_Task item_.
The data below should be restated word for word, with every picture omitted.

_Material for the task_.
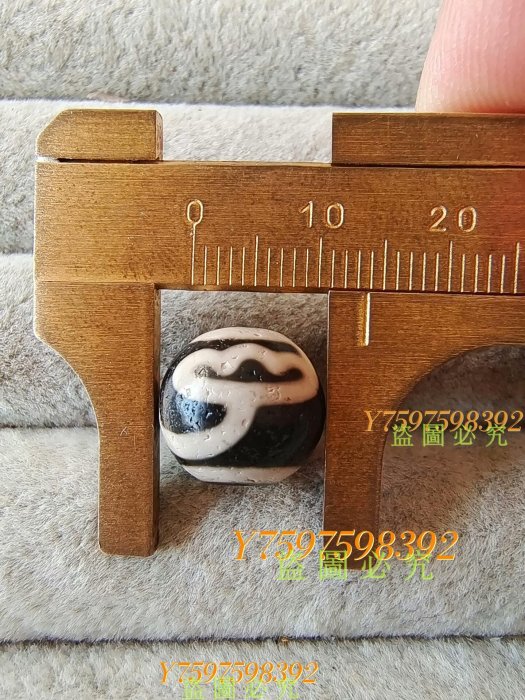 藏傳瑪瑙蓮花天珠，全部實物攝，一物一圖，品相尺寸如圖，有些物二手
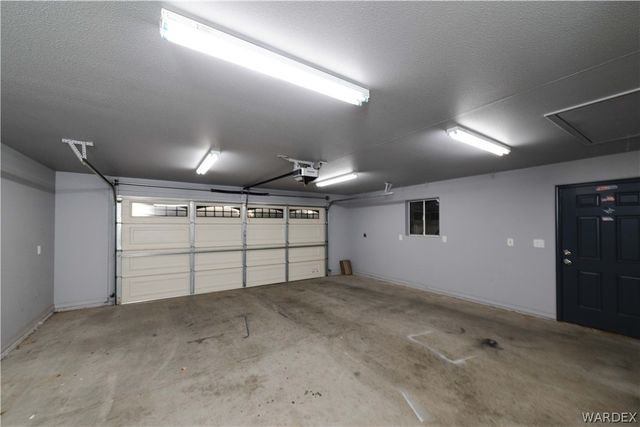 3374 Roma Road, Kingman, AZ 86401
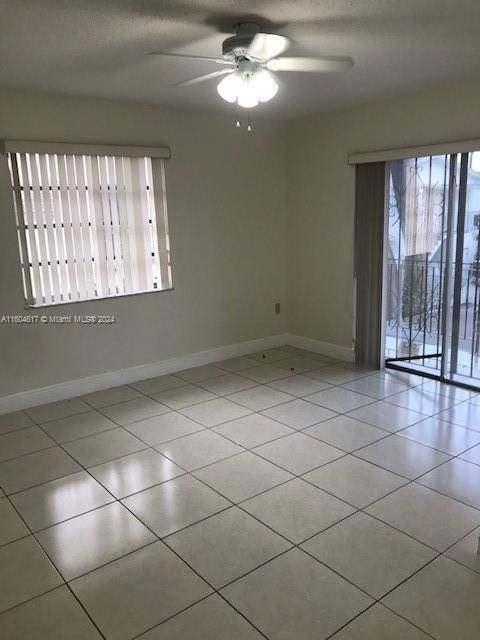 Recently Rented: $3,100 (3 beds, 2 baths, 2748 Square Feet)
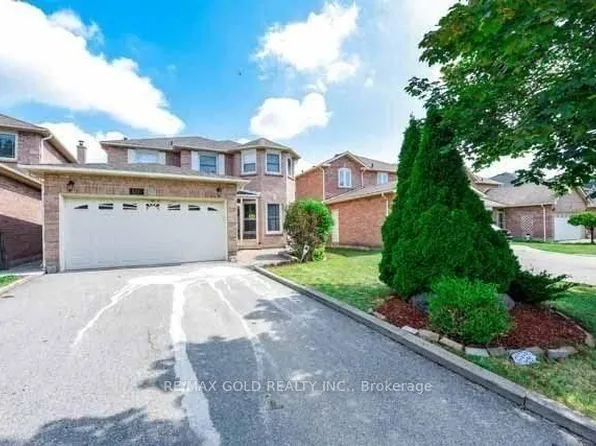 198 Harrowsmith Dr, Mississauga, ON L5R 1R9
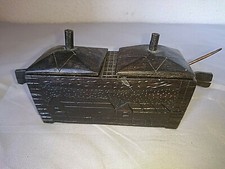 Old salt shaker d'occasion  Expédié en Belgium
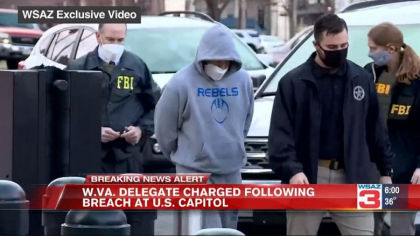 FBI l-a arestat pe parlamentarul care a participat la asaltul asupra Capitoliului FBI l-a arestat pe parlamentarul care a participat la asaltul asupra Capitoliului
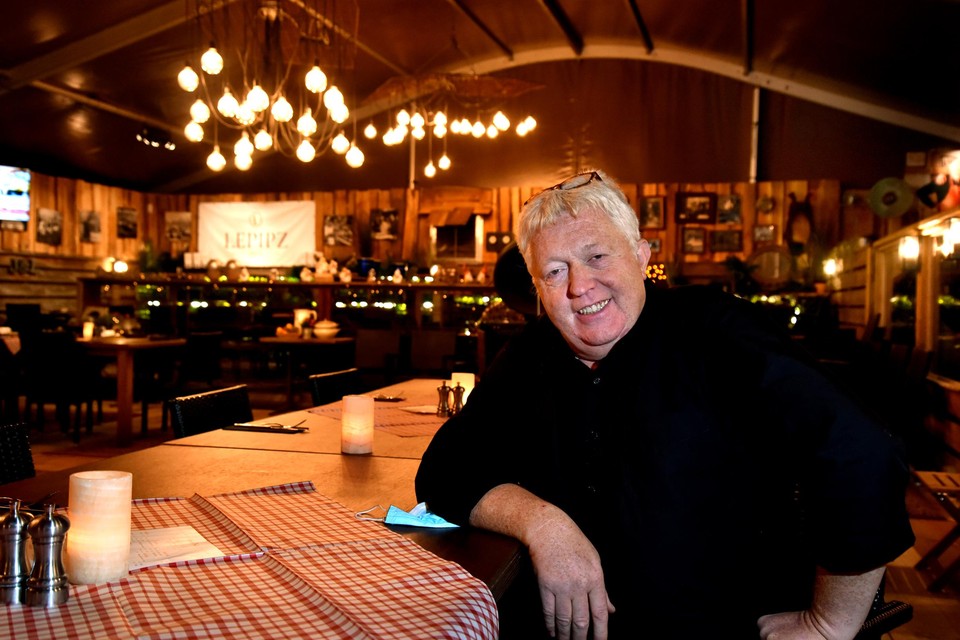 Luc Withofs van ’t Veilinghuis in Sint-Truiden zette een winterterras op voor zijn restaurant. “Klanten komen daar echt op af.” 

_Written answer_.
 藏傳瑪瑙蓮花天珠，全部實物攝，一物一圖，品相尺寸如圖，有些物二手
 3374 Roma Road, Kingman, AZ 86401
 Recently Rented: $3,100 (3 beds, 2 baths, 2748 Square Feet)
 198 Harrowsmith Dr, Mississauga, ON L5R 1R9
 Old salt shaker d'occasion  Expédié en Belgium
 FBI l-a arestat pe parlamentarul care a participat la asaltul asupra Capitoliului FBI l-a arestat pe parlamentarul care a participat la asaltul asupra Capitoliului
 Luc Withofs van ’t Veilinghuis in Sint-Truiden zette een winterterras op voor zijn restaurant. “Klanten komen daar echt op af.” 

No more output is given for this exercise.